• _Task statement_
Somewhere below, one line contains "The Aztec Diet: Chia" and a later line contains "雅思课程试听费用一般多少合适？全面解析与实用建议". Output those two lines and everything between them exactly, and nothing else.

• _Provided entries_
▬▬▬▬▬▬▬▬▬▬

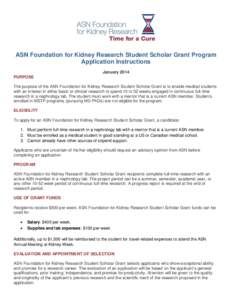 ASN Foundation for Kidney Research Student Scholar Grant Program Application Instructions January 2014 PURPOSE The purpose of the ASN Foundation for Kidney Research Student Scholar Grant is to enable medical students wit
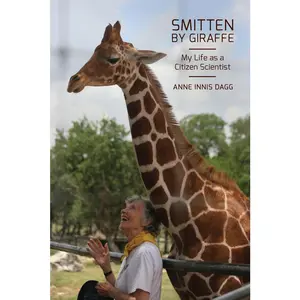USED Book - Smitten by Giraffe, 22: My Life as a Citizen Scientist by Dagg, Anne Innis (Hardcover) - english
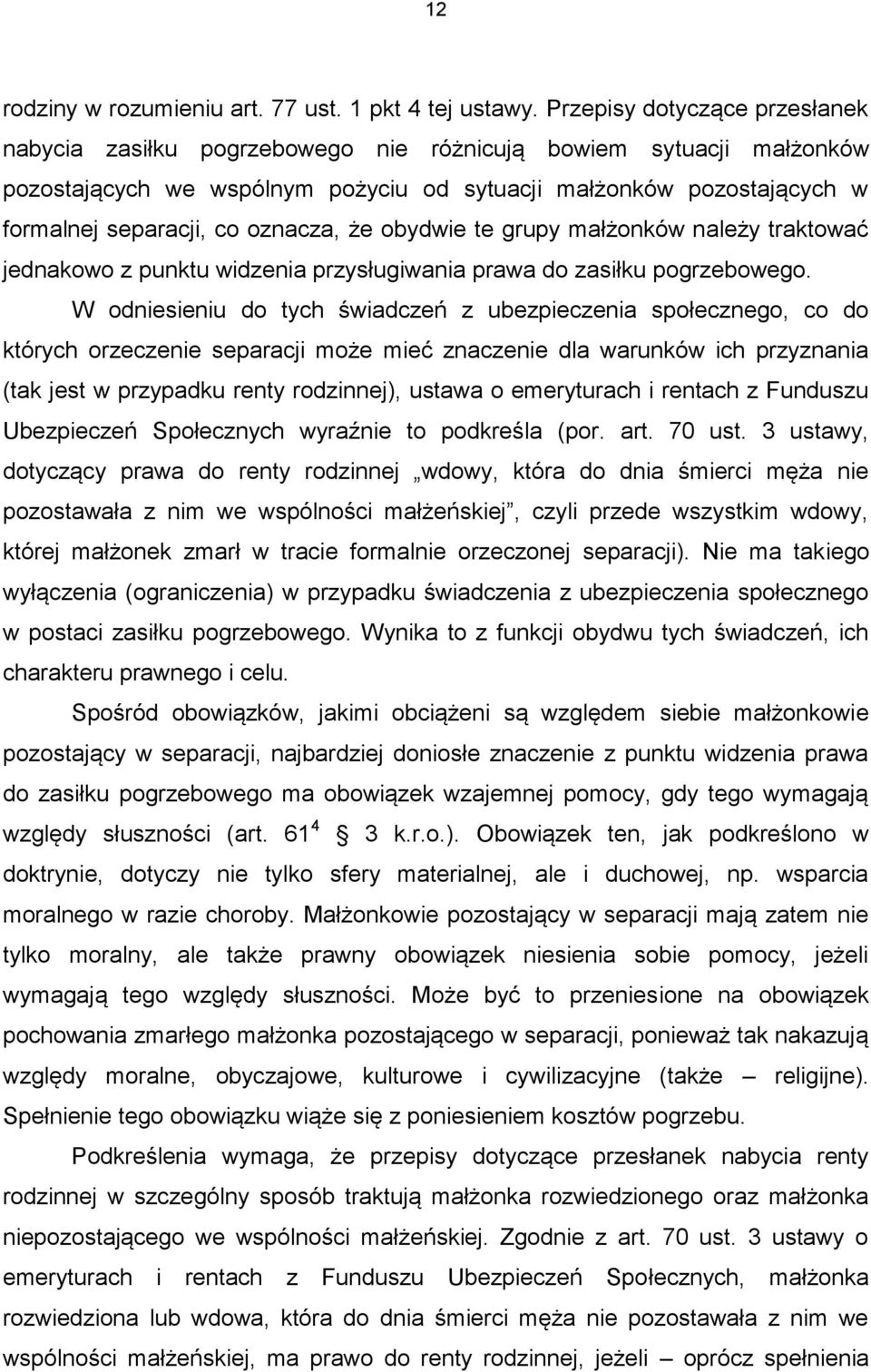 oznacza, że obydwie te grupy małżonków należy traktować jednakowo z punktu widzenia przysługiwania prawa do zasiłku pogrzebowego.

▬▬▬▬▬▬▬▬▬▬

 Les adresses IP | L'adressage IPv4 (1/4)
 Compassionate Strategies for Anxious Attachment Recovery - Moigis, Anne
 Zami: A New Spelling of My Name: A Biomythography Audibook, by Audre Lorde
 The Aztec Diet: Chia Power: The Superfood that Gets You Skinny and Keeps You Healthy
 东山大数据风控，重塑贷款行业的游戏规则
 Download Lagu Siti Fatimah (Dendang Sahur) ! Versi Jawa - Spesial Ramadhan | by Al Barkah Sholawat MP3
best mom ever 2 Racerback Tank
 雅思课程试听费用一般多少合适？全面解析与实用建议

▬▬▬▬▬▬▬▬▬▬

• _Answer to this exercise_
 The Aztec Diet: Chia Power: The Superfood that Gets You Skinny and Keeps You Healthy
 东山大数据风控，重塑贷款行业的游戏规则
 Download Lagu Siti Fatimah (Dendang Sahur) ! Versi Jawa - Spesial Ramadhan | by Al Barkah Sholawat MP3
best mom ever 2 Racerback Tank
 雅思课程试听费用一般多少合适？全面解析与实用建议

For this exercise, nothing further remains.